Devlog Research Notes

Contact

email: r_elhel@live.concordia.ca

github: github.com/000x999

last updated: 2026-01-30

About Me

Name: Ralph EH
Current position: C++ SDK Software Engineer at Cognitive3D (Full Time)
Education: Bachelor of Computer Science at Concordia University - Graduation date: Aug/Sep 2026

GitHub: github.com/000x999

Languages: C++ (12 years), Assembly (12 years), Fortran (7 years), Python (7 years), Haskell (7 years), Swift (2 years)
HPC/GPU/Compilers: CUDA, ROCm, Vulkan, OpenGL, Metal, OpenCL, AVX2/AVX512, SSE, NEON, OpenMP, OpenMPI, LLVM, MLIR
Libraries: Eigen, OpenCV, PyTorch, BLAS/LAPACK, Numpy, Scikit
Developer tools: x64dbg, Ghidra, IDA Pro, NSight, Orbit Profiler, DTrace, Perf, CMake, Make
Interests: Compiler Design, Code Generation, GPU Code Generation, SIMD, HPC, Optimization, Deep Learning Optimization, Compilers for Deep Learning, Math, Linear Algebra, Theoretical Computer Science , Computer/Hardware Architecture
Graduate Research interests and Expected Focus:
My research interests revolve around compilers, high-performance computing, and deep learning systems.
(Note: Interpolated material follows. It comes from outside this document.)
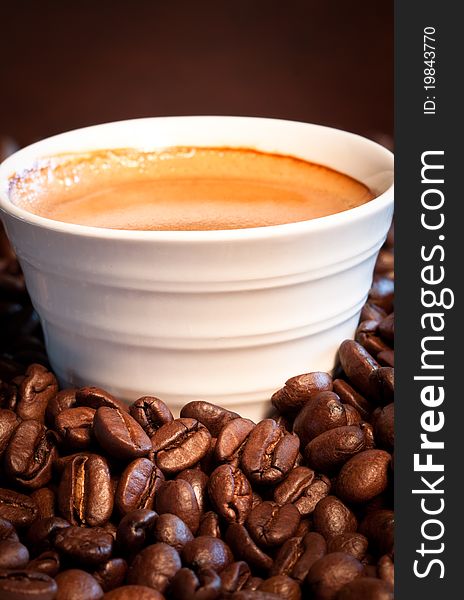 A close-up image of coffee beans with a cup of expresso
Specifically, I am interested in intermediate representations, JIT compilation, and code generation for deep learning and HPC workloads targeting CPUs, GPUs, and custom accelerators such as FPGAs and TPUs. Having spent considerable time manually optimizing SIMD kernels and memory layouts, I have developed a strong appreciation for both the performance gains achievable through hardware-aware optimization and the difficulty of scaling such efforts across architectures.
My experience has made clear both the potential and limits of manual optimization. I can hand-write kernels that utilize hardware effectively, but doing so for every operator, data type, and architecture is not scalable. I am interested in how functional IRs and rewrite systems can be applied to deep learning compilation. I am also interested in how machine learning can guide search through optimization spaces, and how memory-aware IR design enables efficient accelerator code generation.
Technical Background and Projects:
I am developing cppDL, a general-purpose deep learning inference library written entirely in C++ with no external ML dependencies. The system includes a custom memory allocator, safetensor parser, BPE tokenizer, implementations of core neural network operations and high-performance tensor operations.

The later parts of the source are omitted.